Commenting upon prof Gordon Edwards' recent visit to Finland, Fennovoima nuclear technology director Juhani Hyvärinen wrote: "In particular, I was amazed when the professor on several occasions openly asked whether Finland at all investigated fuel disposal. A few minutes of googling, not to mention serious information searching, would have given a reply" (See mr Hyvärinen's blog Ydinreaktioita (Nuclear reactions) 10/2/2010) - MB

Gordon Edwards:

In his blog, Juhani Hyvärinen writes that he was interested to know what I had to say about nuclear power and nuclear wastes when I visited Finland – but he never came to any of my talks, nor did he arrange to meet me, nor did he contact me after I returned to Canada. A meeting would have been easy. I had a friendly and fruitful two-hour meeting with officials at the Fortum plant in Loviisa, for example.

Apparently Mr. Hyvärinen has chosen not to follow the procedure he was taught in high school, which is to check the facts from trustworthy sources before making public pronouncements.

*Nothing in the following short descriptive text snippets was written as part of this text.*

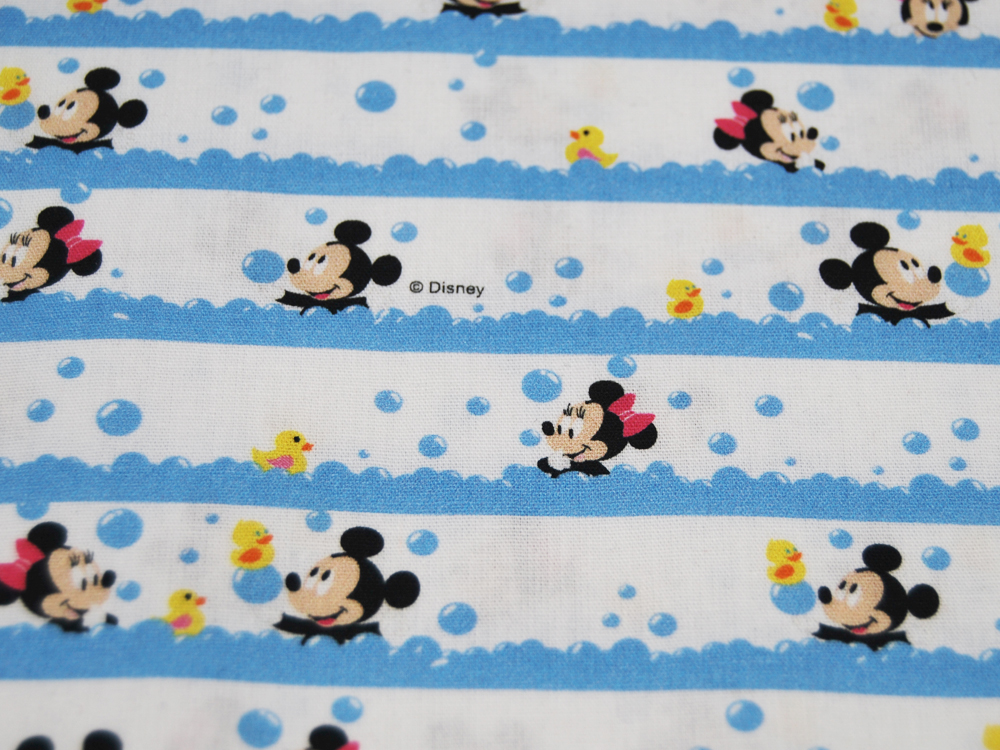 Baumwolle - Mickey und Minnie Mouse in der Badewanne 0,5m 2
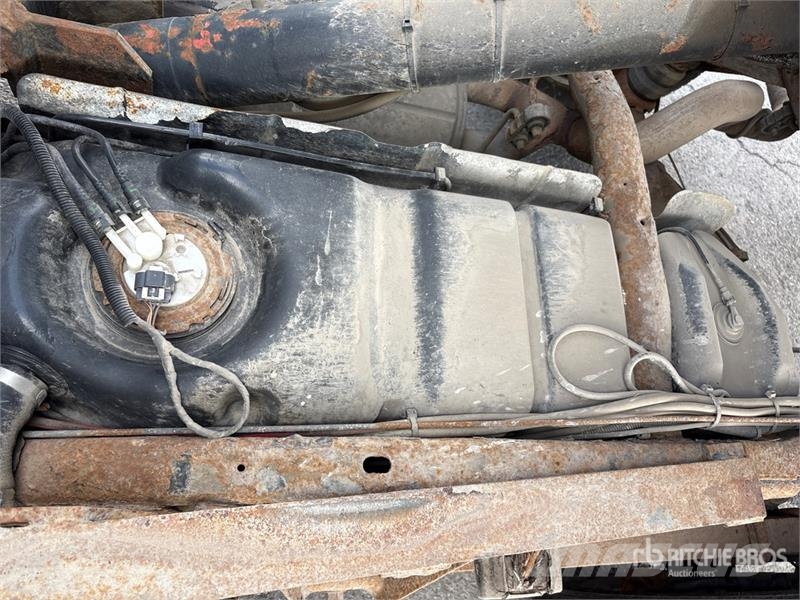 Chevrolet Silverado 3500 4x2 Crew Cab Pickup Diger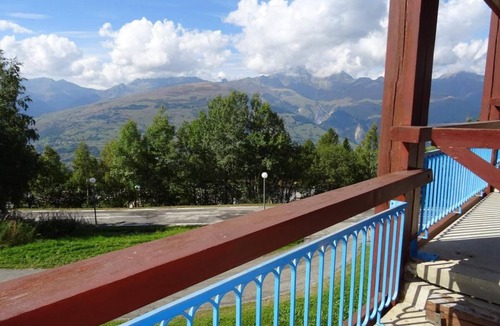Arc-1800 Apartment | 100m from resort center, 3rd floor, view forest, balcony, tv, 30m², Les Arcs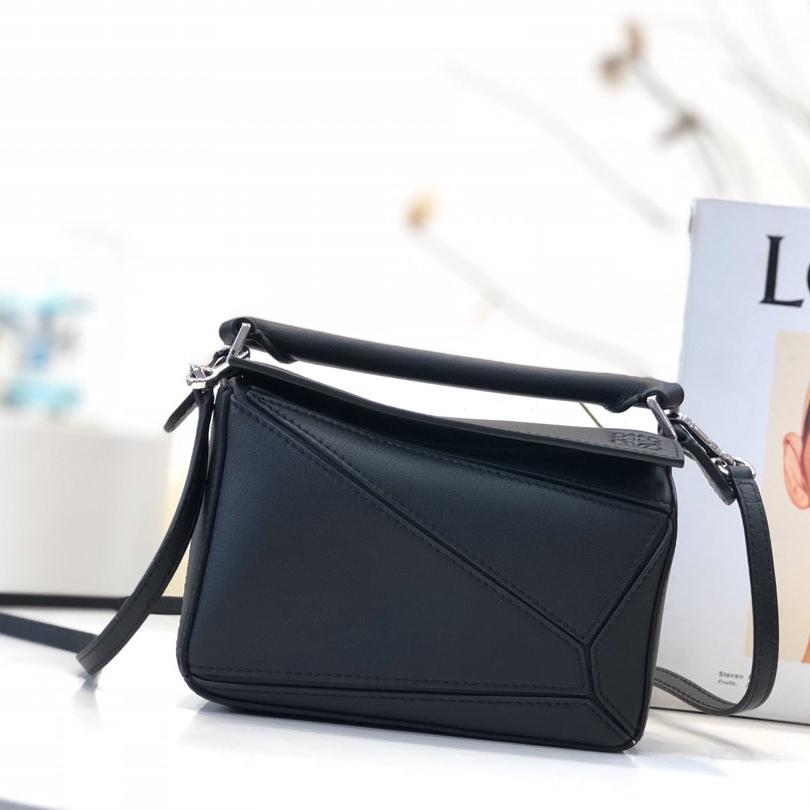LOE MINI 18 PUZZLE BAG IN BLACK CALFSKIN mysite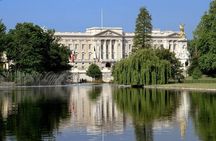 Classic London Tour & Changing the Guards— History In Action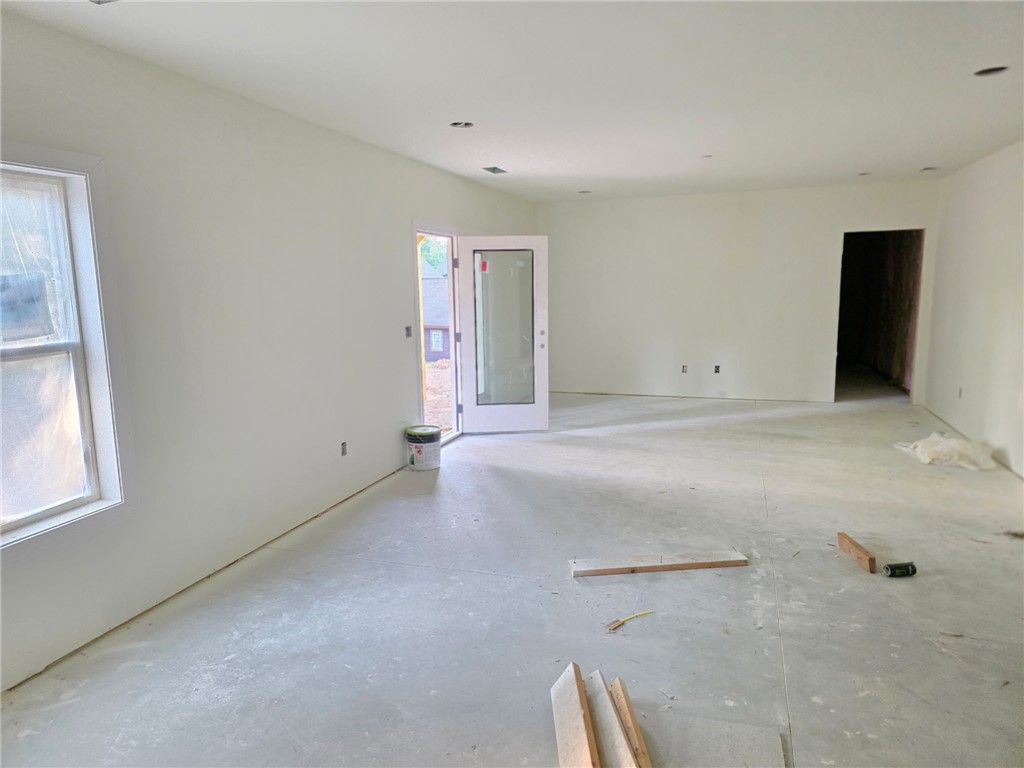 107 Abaco Lane Seneca, SC 29672 - Photo 23 of 28 Ready for customization, this versatile room awaits your finishing touches to become a personalized oasis.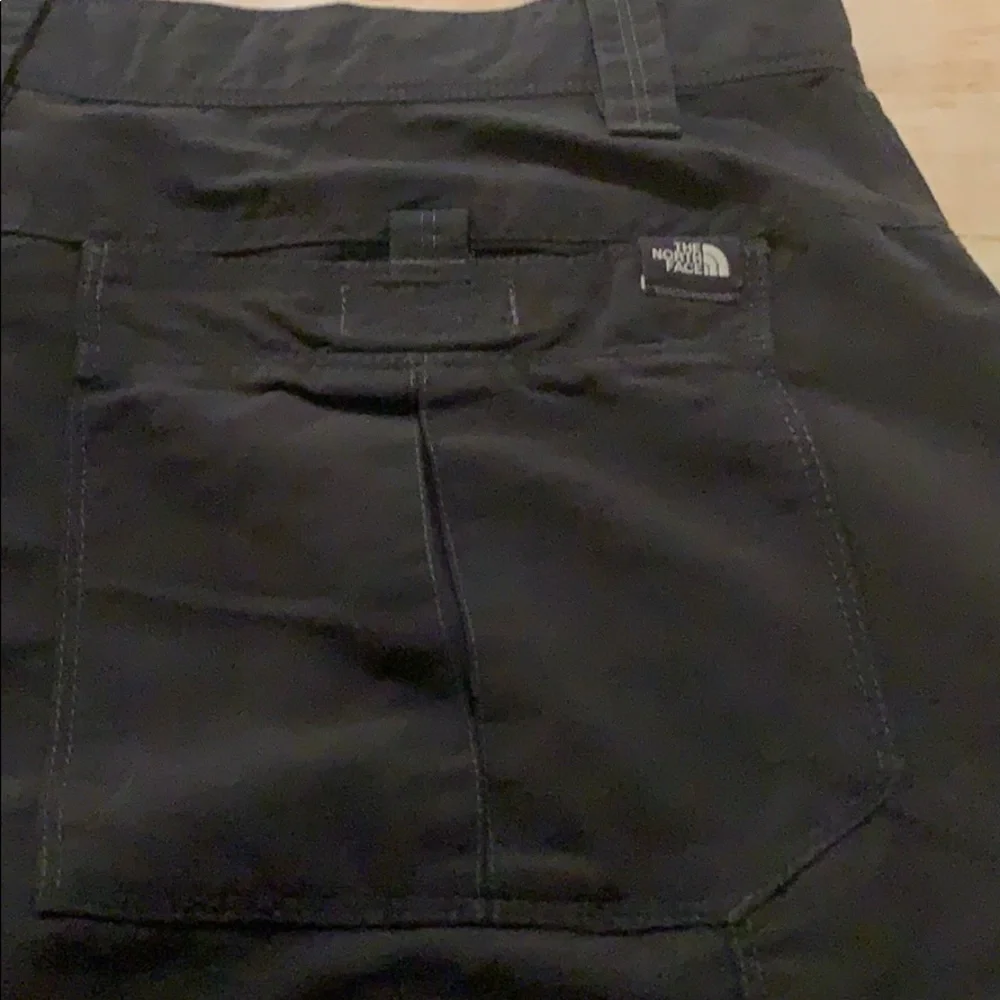The North Face Charcoal Gray Cargo Shorts size 36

Mr. Hyvärinen is clearly misinformed when he says that I asked many times whether Finland has researched the subject of nuclear waste. I never asked this question even once. I know very well what Finland has announced to the world: that it has a geologic repository at Olkiluoto which is ready to receive nuclear waste and to store it permanently and safely there forever.

But surely Mr. Hyvärinen knows there is no scientific methodology available that allows anyone to prove that if radioactive waste is put in one particular place, that it will stay there for the next million years. Scientists who say such things have abandoned science in favor of an almost religious faith that nature – the great recycler – will never succeed in dispersing this waste back into the environment.

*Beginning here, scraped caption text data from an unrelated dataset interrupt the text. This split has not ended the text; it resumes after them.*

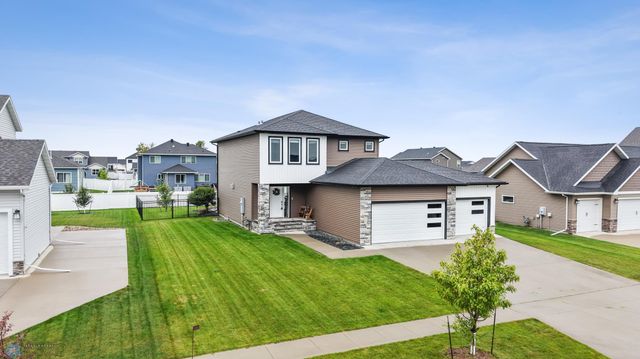 2427 Harbor Lane, West Fargo, ND 58078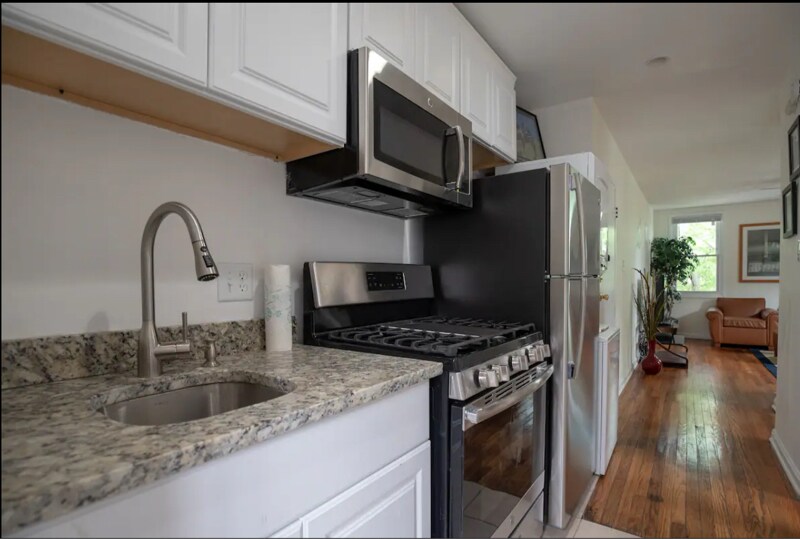 Building Photo - 1136 45th St NE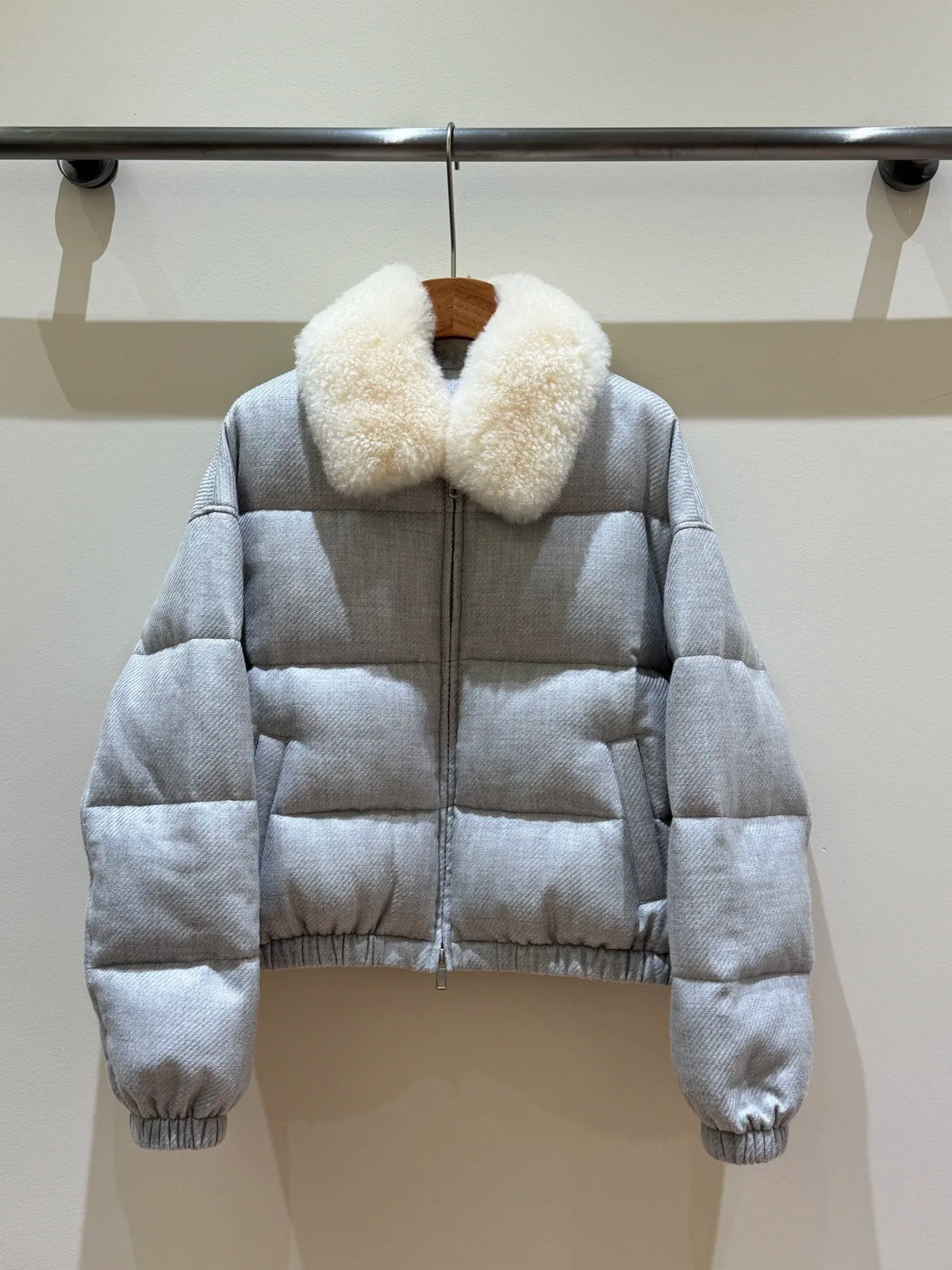 Doudoune courte femme grise à col bouclé – CLEVI Paris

The great nobel-prize-winning physicist from Sweden, Hannes Alfvén, wrote about this very problem in 1972. What he said then is still applicable today: “You cannot claim that a problem is solved just by pointing to all the efforts that have been made to solve it.”

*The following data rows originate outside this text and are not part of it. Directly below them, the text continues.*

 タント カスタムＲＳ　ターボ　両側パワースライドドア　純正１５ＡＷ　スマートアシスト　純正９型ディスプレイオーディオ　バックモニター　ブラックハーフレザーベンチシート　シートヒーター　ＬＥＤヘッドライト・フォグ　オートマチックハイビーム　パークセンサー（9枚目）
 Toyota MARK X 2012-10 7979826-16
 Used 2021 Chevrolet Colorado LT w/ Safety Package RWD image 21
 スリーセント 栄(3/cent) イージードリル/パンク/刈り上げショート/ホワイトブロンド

Perhaps Mr. Hyvärinen can explain why the United States of America has tried eight times to locate a geologic repository for high level nuclear wastes, and has failed eight times? Perhaps Mr. Hyvärinen can explain to us why Germany has now admitted that it was mistaken when it selected the Aase salt formation as an acceptable repository for high level waste?

I know very well that Finnish engineers have accomplished great things and employ extraordinarily high standards, but is Finland the only country in the world incapable of making a mistake about the so-called “disposal” of high-level radioactive waste? If Finnish experts cannot even accurately predict the cost, or even the time-frame for building the new reactor that is under construction at Olkiluoto, how can they accurately foresee a million years into the future?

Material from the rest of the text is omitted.